"Kenapa bisa begitu den?", ucap kakek tua.
"Sebab saya bermimpi hingga tiga kali kek mengenai Padepokan Samudro ini. Dan mimpinya selalu sama. Pada mimpi yang pertama, saya menganggap itu sebagai bunga tidur meskipun sebenarnya hati ini berusaha mengingkarinya. Namun ketika mimpi itu berlanjut kedua dan ketiga, saya yakin ini bukanlah bunga tidur biasa...", jawabku dengan gambling.

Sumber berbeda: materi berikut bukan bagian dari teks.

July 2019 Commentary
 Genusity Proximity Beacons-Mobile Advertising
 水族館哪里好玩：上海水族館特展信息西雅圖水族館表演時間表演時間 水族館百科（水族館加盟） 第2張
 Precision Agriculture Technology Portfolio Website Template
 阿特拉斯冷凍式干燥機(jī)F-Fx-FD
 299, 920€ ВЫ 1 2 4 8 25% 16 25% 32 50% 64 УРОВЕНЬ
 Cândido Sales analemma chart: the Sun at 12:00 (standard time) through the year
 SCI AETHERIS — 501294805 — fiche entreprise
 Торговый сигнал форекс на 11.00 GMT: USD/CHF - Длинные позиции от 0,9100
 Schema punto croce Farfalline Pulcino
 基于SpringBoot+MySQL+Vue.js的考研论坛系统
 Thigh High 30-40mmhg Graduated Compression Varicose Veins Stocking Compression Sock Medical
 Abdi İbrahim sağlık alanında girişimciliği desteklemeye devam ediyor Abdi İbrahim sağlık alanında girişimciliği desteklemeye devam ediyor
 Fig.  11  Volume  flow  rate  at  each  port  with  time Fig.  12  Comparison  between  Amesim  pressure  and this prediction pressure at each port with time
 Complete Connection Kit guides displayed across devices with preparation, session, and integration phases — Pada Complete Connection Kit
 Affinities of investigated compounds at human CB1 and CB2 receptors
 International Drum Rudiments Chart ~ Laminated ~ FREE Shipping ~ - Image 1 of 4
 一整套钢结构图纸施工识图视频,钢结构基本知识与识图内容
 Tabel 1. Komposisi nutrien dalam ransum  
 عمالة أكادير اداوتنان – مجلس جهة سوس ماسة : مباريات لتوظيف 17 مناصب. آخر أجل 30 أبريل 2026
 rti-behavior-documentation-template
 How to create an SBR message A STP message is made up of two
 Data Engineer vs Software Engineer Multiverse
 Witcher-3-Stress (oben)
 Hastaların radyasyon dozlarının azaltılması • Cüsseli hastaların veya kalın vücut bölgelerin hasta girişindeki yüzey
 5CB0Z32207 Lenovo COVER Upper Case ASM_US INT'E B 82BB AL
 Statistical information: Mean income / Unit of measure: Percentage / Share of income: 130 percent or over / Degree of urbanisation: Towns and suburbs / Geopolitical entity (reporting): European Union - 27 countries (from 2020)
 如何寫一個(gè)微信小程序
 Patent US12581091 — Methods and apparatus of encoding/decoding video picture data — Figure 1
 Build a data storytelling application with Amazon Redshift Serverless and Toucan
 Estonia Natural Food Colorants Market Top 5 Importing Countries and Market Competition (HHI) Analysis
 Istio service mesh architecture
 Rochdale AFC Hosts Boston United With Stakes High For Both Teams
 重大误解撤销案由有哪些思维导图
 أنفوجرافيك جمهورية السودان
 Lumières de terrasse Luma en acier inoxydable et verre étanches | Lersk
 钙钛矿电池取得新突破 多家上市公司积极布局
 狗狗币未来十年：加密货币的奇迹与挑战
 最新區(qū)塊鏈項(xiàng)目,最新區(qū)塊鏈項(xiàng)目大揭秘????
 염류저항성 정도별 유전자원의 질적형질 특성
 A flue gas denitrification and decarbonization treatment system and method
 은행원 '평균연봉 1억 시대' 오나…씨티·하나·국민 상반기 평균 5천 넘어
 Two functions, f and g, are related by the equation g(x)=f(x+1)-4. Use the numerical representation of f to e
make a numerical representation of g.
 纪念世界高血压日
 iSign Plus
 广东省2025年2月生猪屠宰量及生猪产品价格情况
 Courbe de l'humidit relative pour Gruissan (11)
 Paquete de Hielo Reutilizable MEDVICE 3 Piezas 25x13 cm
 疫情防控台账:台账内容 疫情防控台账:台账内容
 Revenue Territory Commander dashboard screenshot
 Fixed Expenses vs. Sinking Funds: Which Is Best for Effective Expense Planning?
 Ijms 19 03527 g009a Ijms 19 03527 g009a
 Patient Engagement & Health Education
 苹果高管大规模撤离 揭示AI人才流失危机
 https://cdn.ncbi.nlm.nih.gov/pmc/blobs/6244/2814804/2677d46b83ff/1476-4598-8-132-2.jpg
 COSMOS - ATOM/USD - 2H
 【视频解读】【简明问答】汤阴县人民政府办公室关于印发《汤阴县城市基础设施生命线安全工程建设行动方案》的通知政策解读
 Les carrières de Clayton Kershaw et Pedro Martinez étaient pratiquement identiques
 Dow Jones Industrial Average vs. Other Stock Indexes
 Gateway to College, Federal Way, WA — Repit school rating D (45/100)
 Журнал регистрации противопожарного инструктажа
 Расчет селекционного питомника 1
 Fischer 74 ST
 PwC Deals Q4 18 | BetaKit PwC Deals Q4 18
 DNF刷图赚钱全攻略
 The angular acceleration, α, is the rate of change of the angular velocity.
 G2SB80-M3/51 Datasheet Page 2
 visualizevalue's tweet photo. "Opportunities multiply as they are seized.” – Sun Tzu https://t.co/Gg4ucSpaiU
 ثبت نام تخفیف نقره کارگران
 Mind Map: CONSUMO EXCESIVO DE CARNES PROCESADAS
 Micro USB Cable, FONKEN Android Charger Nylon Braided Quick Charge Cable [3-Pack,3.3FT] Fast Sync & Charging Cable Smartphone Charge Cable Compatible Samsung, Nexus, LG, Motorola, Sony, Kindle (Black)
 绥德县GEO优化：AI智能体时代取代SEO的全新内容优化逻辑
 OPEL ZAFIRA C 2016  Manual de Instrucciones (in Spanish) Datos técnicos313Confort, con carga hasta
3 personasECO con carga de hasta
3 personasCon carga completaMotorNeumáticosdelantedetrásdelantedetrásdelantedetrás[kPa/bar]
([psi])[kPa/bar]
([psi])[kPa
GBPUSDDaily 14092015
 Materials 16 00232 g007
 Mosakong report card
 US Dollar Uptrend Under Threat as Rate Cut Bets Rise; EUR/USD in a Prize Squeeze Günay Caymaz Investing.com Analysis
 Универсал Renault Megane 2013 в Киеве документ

Lagi-lagi aku melihat sekilas perubahan pada wajah kakek tua penjual nira itu.
"Dulu, kakek memang pernah mendengar kisah itu den dari orang tua kakek. Diceritakan kalau lokasinya konon tersembunyi dan sulit untuk ditemui. Orang-orang dari Padepokan Samudro sangat tertutup terhadap orang luar...", ucap kakek tua itu.
Aku menjadi bersemangat.
"Lalu bagaimana caranya saya kesana kek?", tanyaku penasaran.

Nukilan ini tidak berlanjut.